KDDI (9433) Status update summary
Event summary combining transcript, slides, and related documents.
Status update summary
15 May, 2026Investigation findings and background
From August 2018 to December 2025, two employees at subsidiaries orchestrated fictitious circular transactions in the advertising agency business, involving 21 out of 218 business partners and accounting for 99.7% of agency sales, with no real advertisers or deliverables.
The scheme was initiated to cover losses and meet sales targets, with Person A receiving personal benefits and Person B acting under instructions, both taking extensive measures to avoid detection, such as fabricating documents and isolating contacts.
No management or other employees were aware of the scheme prior to disclosure, and no similar cases or organized involvement by the parent company or other subsidiaries were found.
The investigation, conducted from January 14 to March 31, 2026, included document reviews, digital forensics, interviews with 80 individuals, and a survey of 778 employees.
Root causes included lack of expertise in the advertising agency business, overreliance on specific individuals, insufficient risk awareness, inadequate segregation of duties, and weak internal controls and audits.
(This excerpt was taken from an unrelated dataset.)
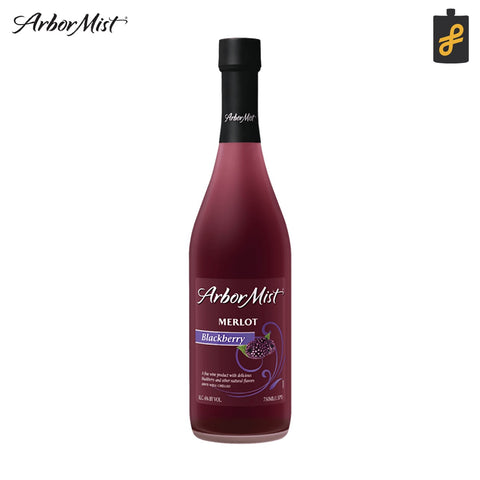 Arbor Mist Blackberry Merlot Red Wine 750mL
Financial and operational impact
Cumulative revenue of ¥246.1 billion was reversed, with operating profit reduced by ¥49.9 billion and operating income by ¥150.8 billion; impairment losses totaled ¥64.6 billion and external outflows reached ¥32.9 billion.
The company revised its full-year forecast downward, reducing revenue by ¥270 billion, operating profit by ¥88 billion, and net income by ¥50 billion.
Financial results for FY26-03 Q3 showed operating revenue up 3.8% and profit for the period up 5.1% year-on-year, with cash flow generation remaining stable.
The impact is considered one-off, with no effect on core telecom and internet businesses or cash flow generation; the mid-term management strategy remains on track.
Amended financial reports and corrections to prior period statements have been filed.
Governance, recurrence prevention, and future initiatives
Key executives and directors at affected subsidiaries resigned, two employees were dismissed, and parent company executives voluntarily returned part of their compensation; disciplinary measures were taken for others with supervisory responsibility.
Recurrence prevention measures include strengthening risk management, segregation of duties, partner management, internal audits, credit management, whistleblowing systems, and ethics education.
Group governance will be reinforced through a new Risk Management Committee, Group Governance Enhancement Committee, and practical engagement to foster transparency.
The company will review all subsidiaries, enhance oversight, and may consider business reorganization or divestment where appropriate.
Civil lawsuits and possible criminal charges are being pursued to recover funds lost through the fictitious transactions.